With Christmas quickly approaching and a house full of kids with Autism, we are bracing ourselves for a very challenging couple of weeks. Christmas is every kids favorite holiday and our kids are no exception. The difference is how our kids handle things.
What kid doesn’t get excited about opening presents or eating tons of Christmas cookies. Most kids are able to manage, especially with the help of their parents.
Kids on the Autism spectrum tend not to manage so well, even with the help of their parents. The anticipation of opening presents, wondering/worrying about what they’re getting and all the other excitement associated with the holiday’s, can be extremely overwhelming. As Autism parents, we know what overwhelming can lead to and that’s the dreaded meltdown.
I’ve always referred to this as fallout. After every major holiday, there’s almost always at least some fallout. Our goal is limit this fallout as much as possible because it’s miserable for our kids when they’re going through it and a nightmare for us trying to manage them while they’re going through it.
Every single year, my wife and I do our best to find some sort of balance between celebrating the holiday and surviving it.
This year, we’ve decided to go to a party on Lizze’s side of the family. We haven’t been to one in a long time, but not because we didn’t want to be there. It’s all about making decisions that are in the best interests of those who are most profoundly impacted by our decisions.
I wish there was an easier way to make it through this time of year, especially for our kids. Unfortunately, aside from scrapping the holiday all together, and trust me, the thought has entered my mind before, all we can do is try to find balance.
We have to consider a great many things when figuring out what we should do.

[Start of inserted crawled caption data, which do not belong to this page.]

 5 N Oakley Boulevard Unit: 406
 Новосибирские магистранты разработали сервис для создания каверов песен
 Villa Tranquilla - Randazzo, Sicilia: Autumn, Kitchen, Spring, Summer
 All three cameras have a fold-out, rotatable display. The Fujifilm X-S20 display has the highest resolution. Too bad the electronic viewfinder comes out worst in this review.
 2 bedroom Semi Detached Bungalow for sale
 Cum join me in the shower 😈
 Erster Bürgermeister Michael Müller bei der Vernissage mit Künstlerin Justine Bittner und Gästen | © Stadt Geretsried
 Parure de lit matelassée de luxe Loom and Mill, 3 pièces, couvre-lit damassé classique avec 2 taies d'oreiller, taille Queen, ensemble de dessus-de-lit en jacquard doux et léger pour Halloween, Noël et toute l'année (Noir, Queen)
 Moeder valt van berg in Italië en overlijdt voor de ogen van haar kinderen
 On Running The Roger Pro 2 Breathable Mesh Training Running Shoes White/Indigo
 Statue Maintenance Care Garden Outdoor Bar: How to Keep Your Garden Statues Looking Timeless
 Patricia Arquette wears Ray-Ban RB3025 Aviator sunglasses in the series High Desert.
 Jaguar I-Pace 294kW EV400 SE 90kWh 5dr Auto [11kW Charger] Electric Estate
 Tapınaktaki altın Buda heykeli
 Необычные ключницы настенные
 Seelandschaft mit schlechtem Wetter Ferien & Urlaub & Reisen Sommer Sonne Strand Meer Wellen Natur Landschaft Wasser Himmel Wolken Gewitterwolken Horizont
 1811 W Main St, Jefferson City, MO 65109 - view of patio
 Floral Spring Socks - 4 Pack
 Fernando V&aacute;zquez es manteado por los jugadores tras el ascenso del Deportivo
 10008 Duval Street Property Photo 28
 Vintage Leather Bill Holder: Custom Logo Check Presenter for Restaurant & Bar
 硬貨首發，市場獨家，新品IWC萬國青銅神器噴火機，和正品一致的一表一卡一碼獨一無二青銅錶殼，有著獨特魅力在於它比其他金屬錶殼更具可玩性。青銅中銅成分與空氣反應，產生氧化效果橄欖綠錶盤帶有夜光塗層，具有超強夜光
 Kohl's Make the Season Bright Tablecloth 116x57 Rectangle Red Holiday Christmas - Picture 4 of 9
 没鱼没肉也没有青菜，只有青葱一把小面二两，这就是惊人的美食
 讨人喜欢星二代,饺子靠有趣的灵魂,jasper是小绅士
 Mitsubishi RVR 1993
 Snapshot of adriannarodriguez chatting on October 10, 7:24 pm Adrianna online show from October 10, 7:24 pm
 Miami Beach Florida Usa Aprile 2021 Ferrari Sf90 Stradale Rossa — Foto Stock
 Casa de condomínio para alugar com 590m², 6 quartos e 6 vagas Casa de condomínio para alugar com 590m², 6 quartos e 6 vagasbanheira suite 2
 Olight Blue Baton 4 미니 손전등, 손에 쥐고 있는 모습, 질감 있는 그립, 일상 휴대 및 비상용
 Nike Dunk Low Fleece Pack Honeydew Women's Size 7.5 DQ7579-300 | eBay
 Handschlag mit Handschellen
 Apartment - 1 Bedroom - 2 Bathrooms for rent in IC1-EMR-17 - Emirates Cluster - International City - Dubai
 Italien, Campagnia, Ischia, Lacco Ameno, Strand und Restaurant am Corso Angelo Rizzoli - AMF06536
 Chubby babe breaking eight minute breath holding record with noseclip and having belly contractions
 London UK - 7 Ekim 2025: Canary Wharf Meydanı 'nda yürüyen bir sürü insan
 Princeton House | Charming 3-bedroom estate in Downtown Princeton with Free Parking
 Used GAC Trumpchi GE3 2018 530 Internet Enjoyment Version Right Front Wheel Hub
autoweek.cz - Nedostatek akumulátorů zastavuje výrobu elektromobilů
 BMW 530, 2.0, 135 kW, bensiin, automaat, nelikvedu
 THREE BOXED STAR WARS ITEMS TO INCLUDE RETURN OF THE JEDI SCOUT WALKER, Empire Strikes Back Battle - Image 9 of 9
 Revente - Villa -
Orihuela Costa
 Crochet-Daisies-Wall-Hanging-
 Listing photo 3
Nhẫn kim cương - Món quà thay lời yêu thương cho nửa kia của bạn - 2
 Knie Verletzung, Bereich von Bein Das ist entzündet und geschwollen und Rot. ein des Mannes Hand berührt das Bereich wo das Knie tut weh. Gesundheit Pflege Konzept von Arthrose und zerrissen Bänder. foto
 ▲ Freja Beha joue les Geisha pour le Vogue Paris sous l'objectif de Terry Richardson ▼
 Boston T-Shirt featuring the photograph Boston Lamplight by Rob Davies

What can the kids handle without putting them over the edge? What can we handle without the kids putting us over the edge? It’s a very blurry line and we’ve yet to find the perfect solution.
We always make sure that the boys have their tablets with them, in case they need to escape for a little while and decompress. Maybe they listen to music or watch a video to calm down. We limit the amount of time we’re there as well. Sometimes, a little bit goes a long way. Most importantly however, we try to follow their lead. If they’re getting overwhelmed or nearing the limits of their abilities to cope, we help them. If we can’t help them through it, we pull the plug, head home and decompress.
This year, we will be spending a little more time with family and less time at home. We’re excited to be with our families because we love and miss them. At the same time, we also know there will likely be a price for going.
Like I said, it’s all about balance. Trial and error is really the only way to move forward. If it works, great, we keep moving. If it doesn’t, we take a few steps back and change course.
What do you do to minimize the impact that the holidays can have in your child with Autism?